▶

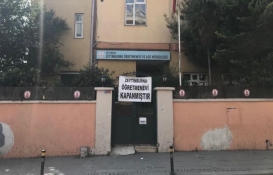 Zeytinburnu Öğretmenevi yıkılıyor!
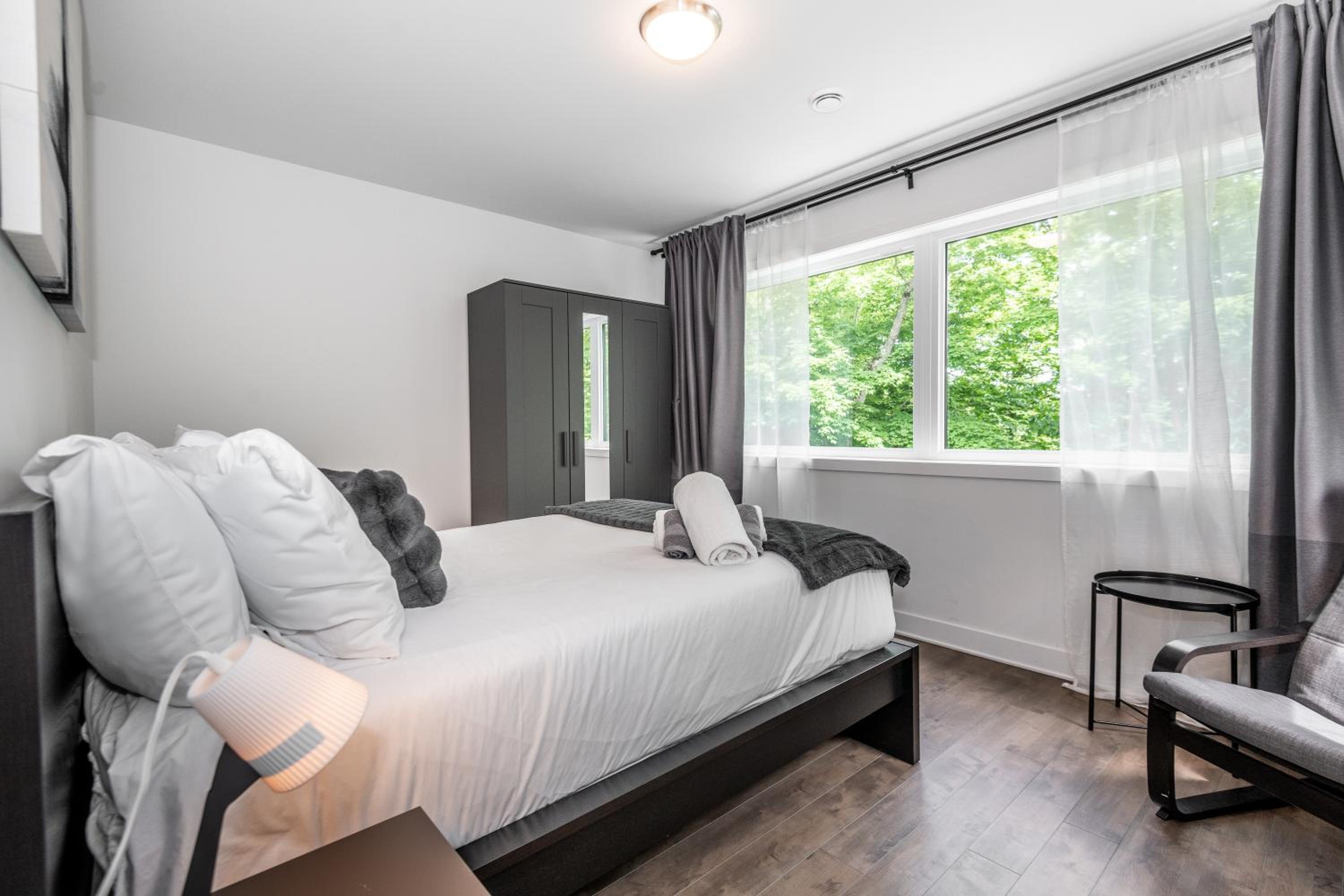 Chalet Listra peace & spa - 16 min to Tremblant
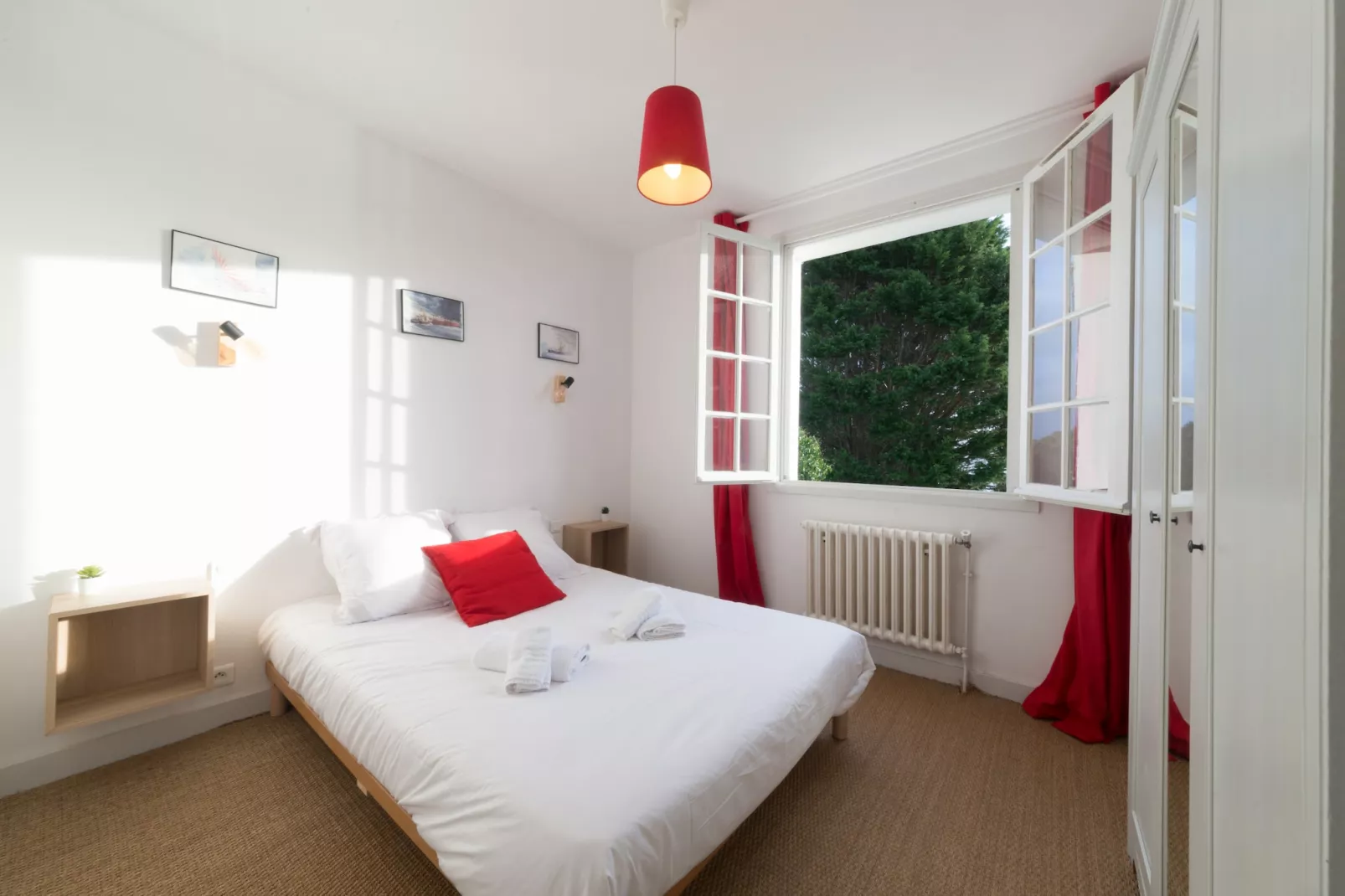 KER HELEN - Landéda-Bedroom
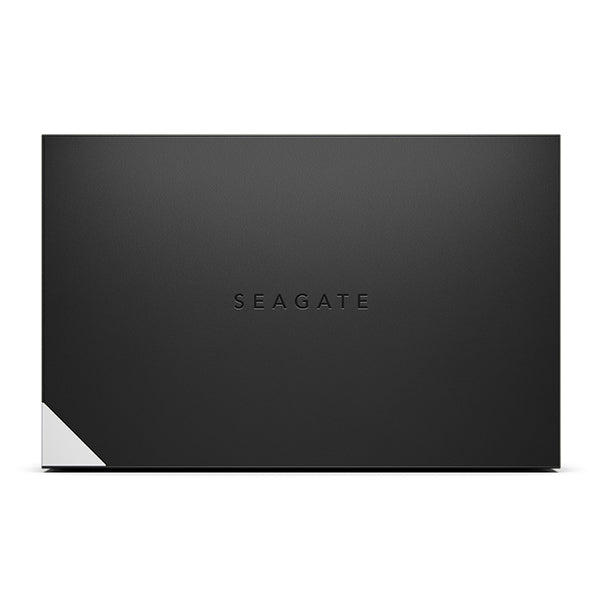Seagate One Touch HUB disque dur externe 10 To USB Type-A / USB Type-C 3.2 Gen 1 (3.1 Gen 1) Noir, Gris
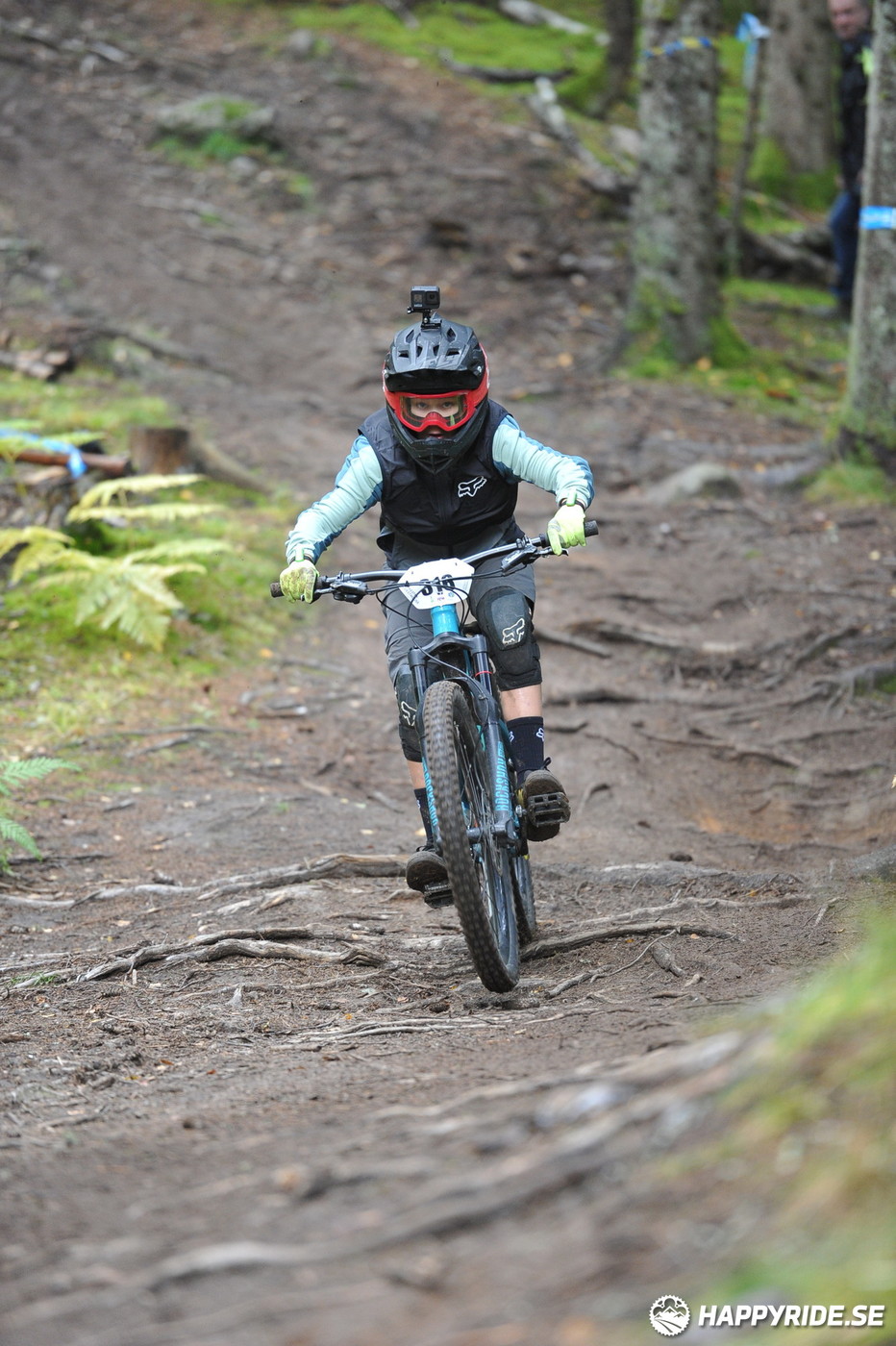 Bild från Isaberg enduro 2022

◀

- **WHAT TO DO**
Omitting all pictures, reproduce the records above in their entirety.

- **WRITTEN RESPONSE**
 Zeytinburnu Öğretmenevi yıkılıyor!
 Chalet Listra peace & spa - 16 min to Tremblant
 KER HELEN - Landéda-Bedroom
Seagate One Touch HUB disque dur externe 10 To USB Type-A / USB Type-C 3.2 Gen 1 (3.1 Gen 1) Noir, Gris
 Bild från Isaberg enduro 2022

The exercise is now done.